Yield Sec released information on Tuesday showing illegal gross gaming revenue, meaning the difference between bets placed and payouts, jumped 53% from 2023. The company, Yield Sec, checks online markets using data and says illegal sites are those operating without a local license in target markets or countries where they accept players. Analysis shows that, across 27 countries in the European Union, unlicensed operators’ growth rate was higher than the regulated market, which reached €33.64 billion after rising 30%.
European Gambling Market Surges to €114.3 Billion
The full market increased to €114.3 billion, a gain of 46% compared to the previous year. The European Casino Association, which represents legal businesses, commissioned this study. Across Europe, stricter rules were created by authorities, who wanted gambling harm to go down, including tighter restrictions on bonuses, advertisements, and even product types. Yield Sec reported that new regulations allowed illegal sites to reach more people with fast sign-up, tax-free perks, and illegal streams of sporting events. Yield Sec founder Ismail Vali said in an interview that if no monitoring or enforcement happens, organised crime keeps expanding, and it is important for legal businesses to cooperate more than before.
Growth of Illegal Gambling Drives European Market
The boom followed a busy sports year, including events like the Paris Olympics and Euro 2024 football, and these occasions sent many new users straight to online betting, often with offshore companies holding no European license, Yield Sec noted. Rising costs for sports TV packages caused more people to search for pirated streams, which turned into a tool for offshore betting firms to pull in new clients, according to Yield Sec’s reporting.
Yield Sec explained that its market figures are based on tracking user traffic by artificial intelligence and human review on search pages, social sites, streaming platforms, and apps and then estimating the value from every visit for each operator.
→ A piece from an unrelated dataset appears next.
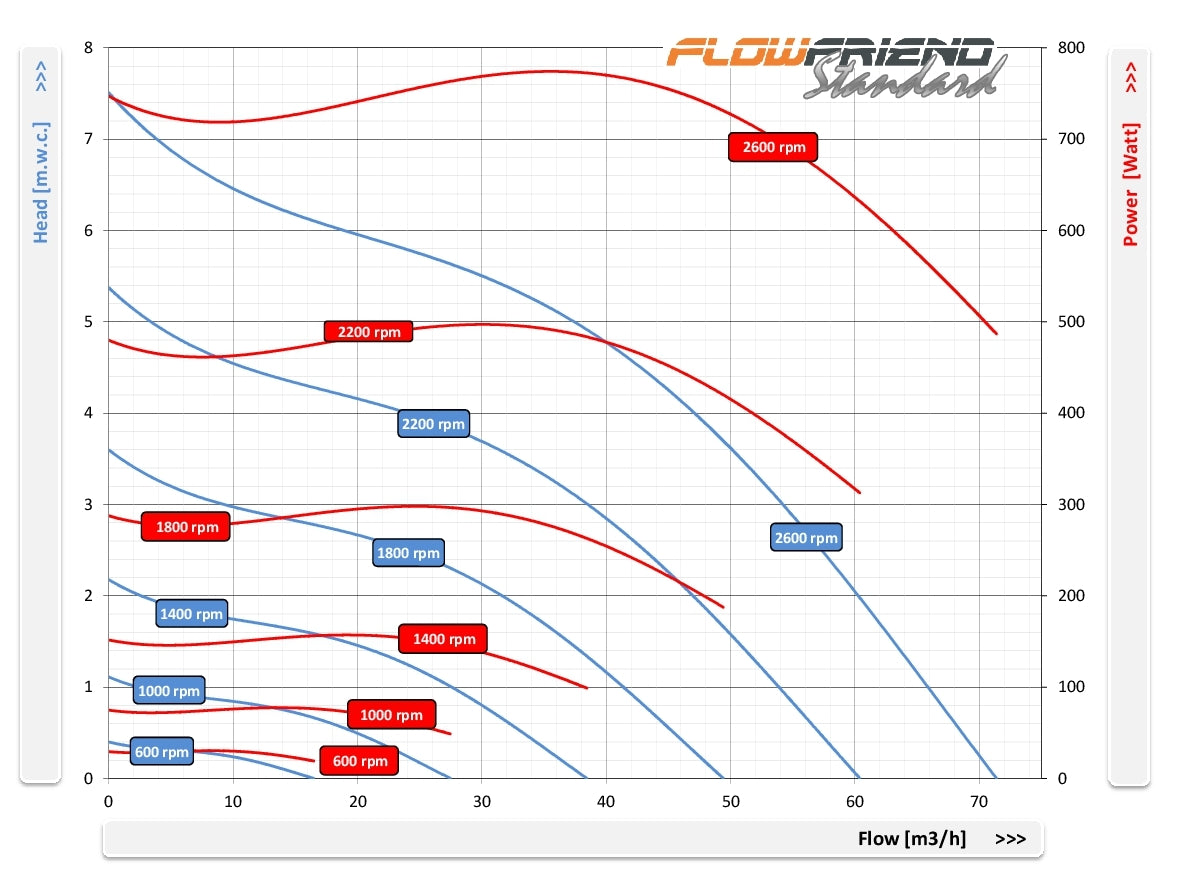 FlowFriend Standard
In total, the company found 6,200 illegal gambling operators active in the European Union last year. Their data covers many types of betting products and businesses, including some counted by others as grey market or just unregulated.
Yield Sec notes that offshore sites often hold Curacao licenses but target customers in countries where they have no right to run their service. The European Gaming & Betting Association wrote in a March report that the total online gross gaming revenue (GGR) in Europe, counting all EU states and the UK, was €47.9 billion in 2024. That statistic from EGBA also counts lotteries played online, which are not included in Yield Sec’s research.